The Ruston USO is a historic building located at 212 North Trenton Street in Ruston, Louisiana.

The Spanish Colonial Revival building served as the USO center from 1943 to 1945.  It served mostly Navy officers who were stationed at Louisiana Tech University who were in the V-12 program.  The USO was run by Mrs. Glasgow, and Mrs. Caroline Lewis also worked there, while Mr.
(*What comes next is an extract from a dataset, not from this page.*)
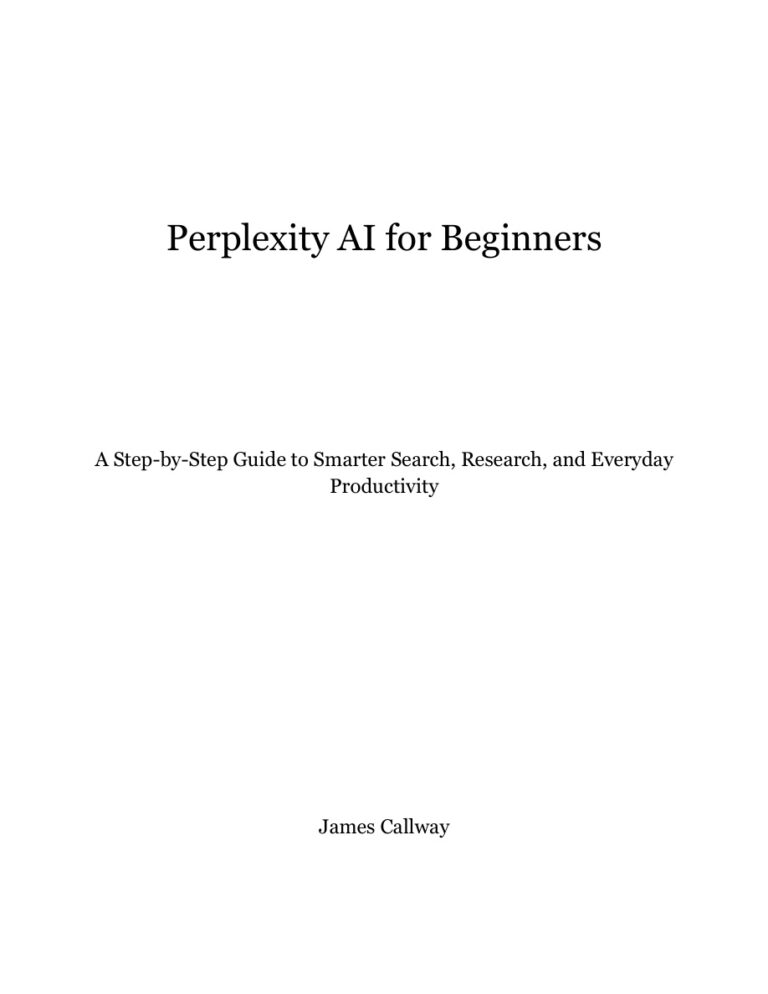Perplexity AI for Beginners James Calloway Kitap Kapağı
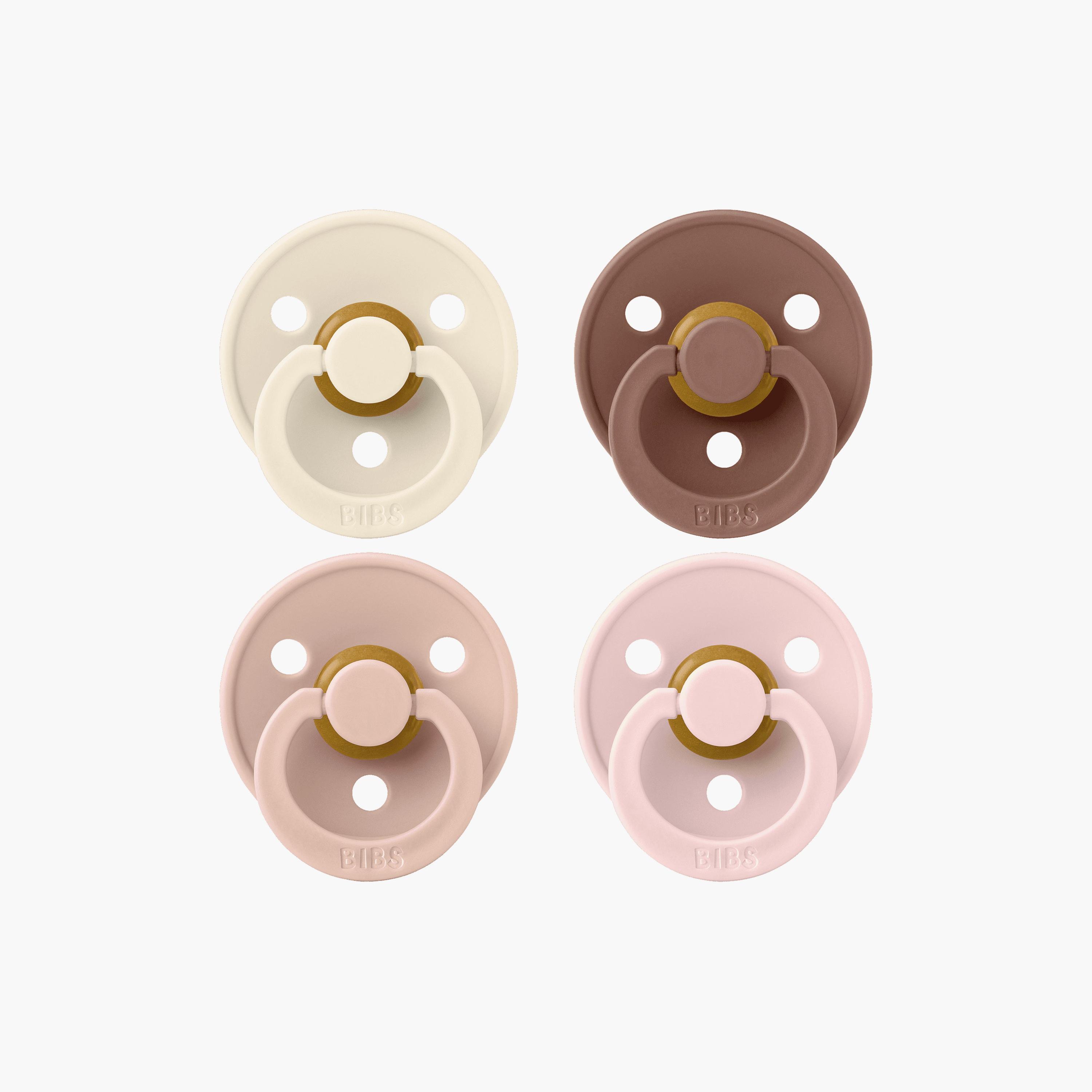 Bibs 4-Piece Round Colour Natural Rubber Pacifier Set - Size 2-baby-feeding-pacifiers-image-1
Alex T. Hunt served as director.  There were several dances held there for soldiers, and there was even a wedding.  There was a ping-pong table, piano, and a lot of chairs and desks so that soldiers could write home.  There was one Sunday evening when there was a door count of 1400 soldiers!  The building was originally a movie theater that was converted into 2 storefronts.  For 50 years after the closing of the USO, this building housed several shoe stores.  In 1998, Kevin Hawkins of Hawkins Photography refurbished the building.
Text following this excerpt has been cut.